Reporter: Yusuf Imam Santoso | Editor: Tendi Mahadi
KONTAN.CO.ID - JAKARTA. PT Aneka Tambang Tbk. (ANTM) pada awal tahun ini sepertinya sudah bisa menghirup udara segar. Dua komoditas ANTM yakni emas dan nikel lebih berkilai karena harganya memasuki tren positif.
Sebagai gambaran, harga emas global stabil pada bulan ini sampai sekarang dengan rentang harga berada di kisaran US$ 1.281-US$ 1.294 per ons troy. Sementara harga nikel menguat 1,1% di rentang US$ 11.110 hingga US$ 11.820 per ton pada periode yang sama.
Analis BCA Sekuritas, Aditya Eka Prakasa dalam risetnya 8 Januari 2018 mencatat penjualan emas lokal ANTM telah mencapai 22 ton pada November 2018 yakni sekitar 60% dari total penjualan. Sisanya penjualan ekspansi ke pasar internasional seperti Malaysia, Uni Emirat Arab (UEA), dan beberapa negara Afrika.
Ia pun memprediksi penjualan emas ANTM tumbuh 4,3% pada tahun 2019.
Kilang emas ANTM di Indonesia memiliki kapasitas 75 ton, pemanfaatan saat ini hanya mencapai 54% yakni sekitar 40 ton.

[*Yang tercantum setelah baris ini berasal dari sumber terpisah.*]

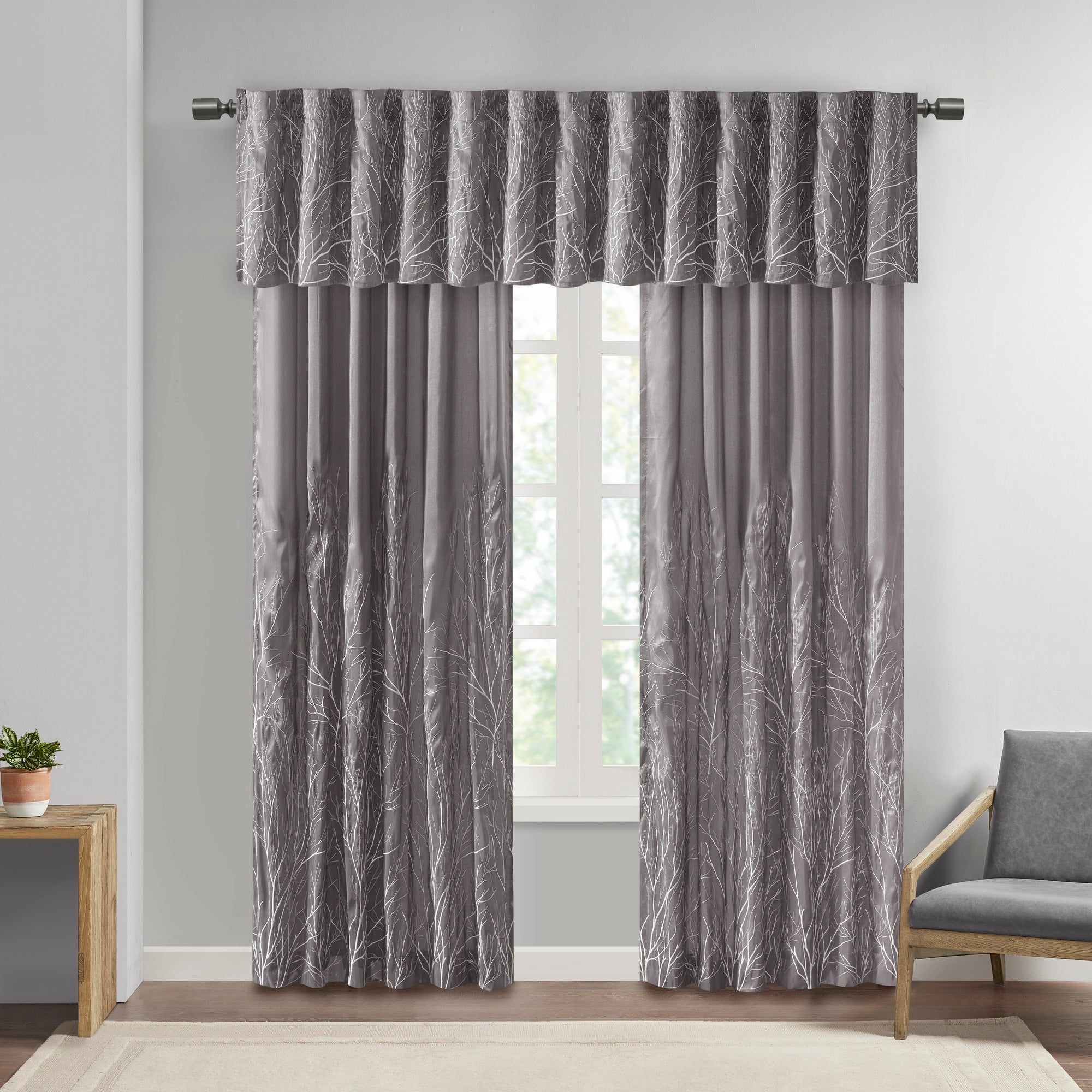 Madison Park Eliza Faux Silk Embroidered Window Valance - 50 x 18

Untuk lebih meningkatkan produksi emas serta merangsang penjualan domestik, mulai 2019 ANTM akan membuka peluang bagi toko perhiasan lokal di Jakarta dan Surabaya untuk penjualan perhiasan emas kustom mereka.

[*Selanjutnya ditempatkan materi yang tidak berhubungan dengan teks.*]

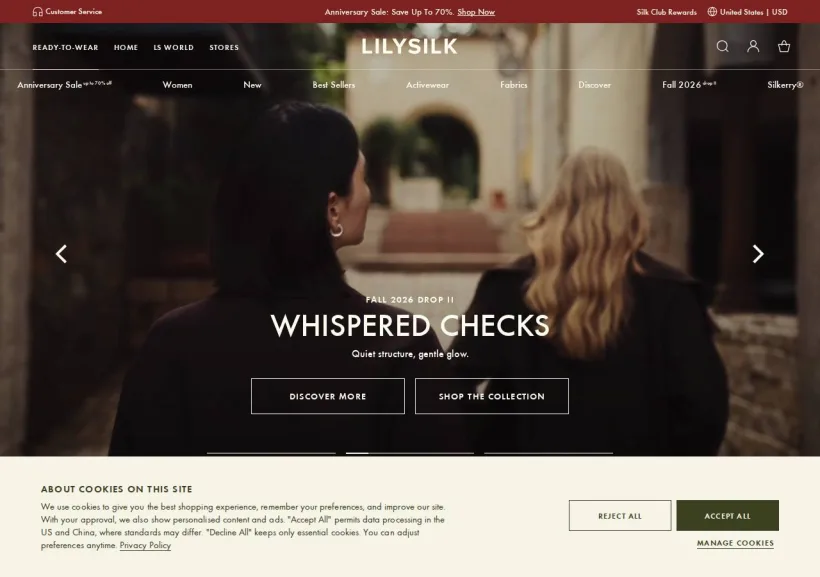 Schermata della pagina offerta di LILYSILK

Untuk nikel ANTM pertumbuhan pada tahun ini dirangsang dengan adanya smelter feronikel mereka di Halmahera Timur. Proyek ini disinyalir dapat diselesaikan awal tahun dan dapat beroperasi secara komersil pada kuartal 3 2019.
Nantinya kapasitas pabrik mencapai 13,5 ribu ton per tahun. Yang mana dapat meningkatkan produksi feronikel sekitar 13% atau menjadi 27 ribu ton pada 2019 dibanding tahun lalu.

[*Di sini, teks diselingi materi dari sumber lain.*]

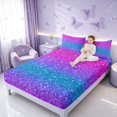 thumbnail image 3 of Homewish Glitter Stars Queen Sheets for Girls, Rainbow Galaxy Queen Sheet Sets, Blue Pink Purple, 4-Piece (1 Flat Sheet, 1 Fitted Sheet and 2 Pillowcases), 3 of 6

“Kami merekomendasikan beli ANTM, mengingat harga emas naik karena kekhawatiran ekonomi global yang melambat,” tulis dia dalam risetnya 8 Januari. Ia memprediksi pendapatan ANTM sampai dengan akhir tahun ini mencapai Rp 25,99 triliun. Angka ini naik 3,9% dari total prediksi pendapatan akhir tahun lalu sekitar Rp 25 triliun.
Sementara untuk laba bersih ANTM, diramal akan menyentuh angka Rp1,1 triliun. Di mana prediksi laba pada akhir tahun lalu mencapai Rp 803 miliar.
Namun, sayangnya prediksi tersebut tidak setinggi pencaian pediode tahun sebelumnya di mana mencapai pertumbuhan pendapatan sebesar 97% dari total pendapatan 2017 sebesar Rp 12,645 triliun.
Begitu pula dengan laba bersih yang tumbuh lebih dari lima kali lipat laba bersih 2017 sekitar Rp 136 miliar. Dengan begitu Aditya menyesuaikan target price (TP) di level Rp 1.000 per saham.